» **Assigned task**
Below are entries with pictures among them; reproduce exactly, and only, the lines from the one containing "Two sheets of" down to the one containing "Couple entering their", without the pictures.

» **Data shown**
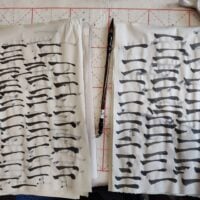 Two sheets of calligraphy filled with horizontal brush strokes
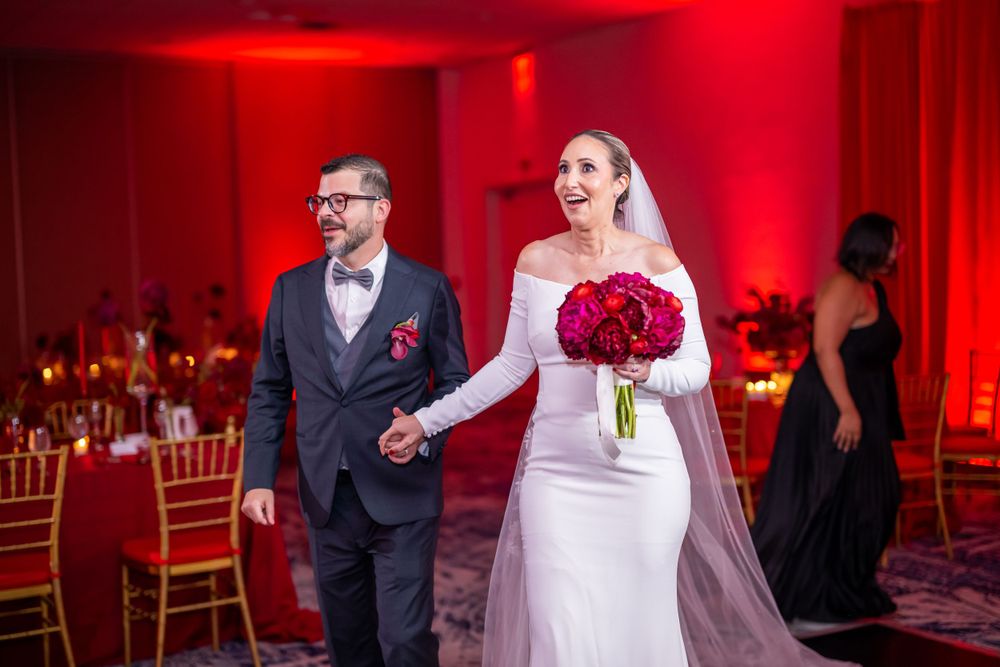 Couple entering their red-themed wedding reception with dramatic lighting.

---

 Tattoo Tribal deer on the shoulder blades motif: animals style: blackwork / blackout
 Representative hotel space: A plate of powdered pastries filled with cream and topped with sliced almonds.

» **Output for this exercise**
 Two sheets of calligraphy filled with horizontal brush strokes
 Couple entering their red-themed wedding reception with dramatic lighting.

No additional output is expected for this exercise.